Et chaque individu croit qu'il sera heureux demain, s'il est plus riche, plus considéré, plus aimé, s'il change de partenaire sexuel, de voiture, de cravate ou de soutien-gorge. Chacun, chacune attend de l'avenir des conditions meilleures, qui lui permettront, enfin, d'atteindre le bonheur. Cette conviction, cette attente, ou le combat que l'homme mène pour un bonheur futur, l'empêchent d'être heureux aujourd'hui. Le bonheur de demain n'existe pas. Le bonheur, c'est tout de suite ou jamais. Ce n'est pas organiser, enrichir, dorer, capitonner la vie, mais savoir la goûter à tout instant. C'est la joie de vivre, quelles que soient l'organisation et les circonstances. C'est la joie de boire l'univers par tous ses sens, de goûter, sentir, entendre, le soleil et la pluie, le vent et le sang, l'air dans les poumons, le sein dans la main, l'outil dans le poing, dans l'oeil le ciel et la marguerite.
Si tu ne sais pas que tu es vivant, tout cela tourne autour de toi sans que tu y goûtes, la vie te traverse sans que tu ne retiennes rien des joies ininterrompues qu'elle t'offre.»
~ René Barjavel (in Si j'étais Dieu...)
«La différence entre le théisme et le non-théisme n’est pas liée au fait de croire ou de ne pas croire en Dieu. (...) Le théisme, c’est une conviction fortement ancrée qu’il existe une main à tenir : si on sait faire juste ce qu’il faut, quelqu’un va y être sensible et nous prendre sous son aile. Cela veut dire qu’on s’imagine qu’on aura toujours une baby-sitter à portée de la main, en cas de besoin. Nous avons tous tendance à nous démettre de nos responsabilités et à déléguer notre pouvoir à quelque chose d’extérieur.
Le non-théisme, au contraire, consiste à se détendre dans l’ambigüité et l’incertitude du moment présent, sans rien chercher pour se protéger. (...) C’est apprécier pleinement l’impermanence et le changement. (...) Le dharma n’a jamais été destiné à devenir une croyance à laquelle on adhère aveuglément. Le dharma ne procure absolument rien à quoi on peut s’accrocher.
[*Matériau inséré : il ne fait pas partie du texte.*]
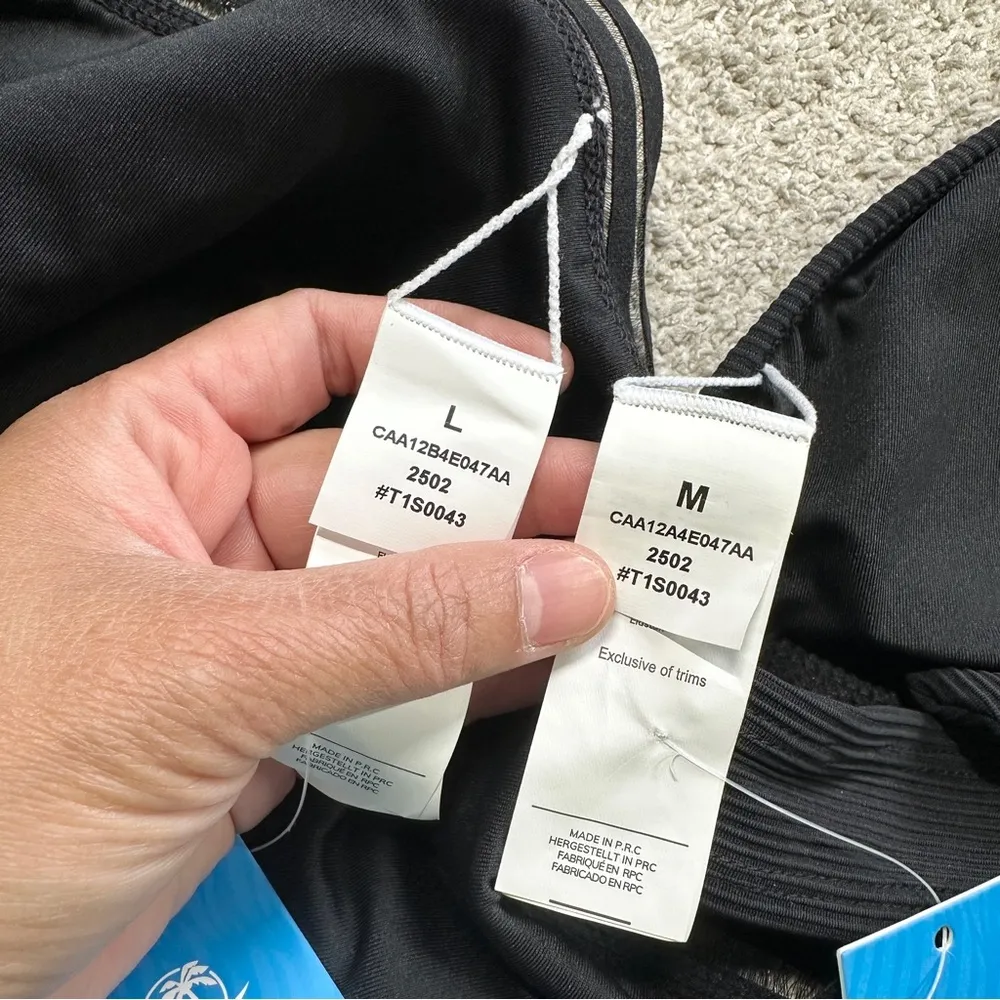 NWT Cupshe Women’s Black Halterneck Bikini Top M & High-Waisted Bottoms Set L - Image 14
Le non-théisme, c’est se rendre compte enfin qu’il n’y a pas de baby-sitter sur laquelle on peut compter. Juste au moment où on en a une bonne, on la perd. Le non-théisme, c’est prendre conscience qu’il n’y a pas que les baby-sitters qui vont et viennent. Toute la vie est comme ça. C’est ça la vérité, et la vérité dérange.»
~ Pema Chödrön (La vérité dérange; in Bien-être et incertitude)
Le nom de Dieu a trop servi.
Nul ne sait plus ce que signifie le nom de Dieu.
L'adorer ou le haïr est pareillement infantile.
Le Dieu-papa que nous proposent les religions leucémiques est une tentative aussi dérisoire et aussi cocasse d'apaiser notre soif que l'octroi d'une goutte de sirop à un déshydraté.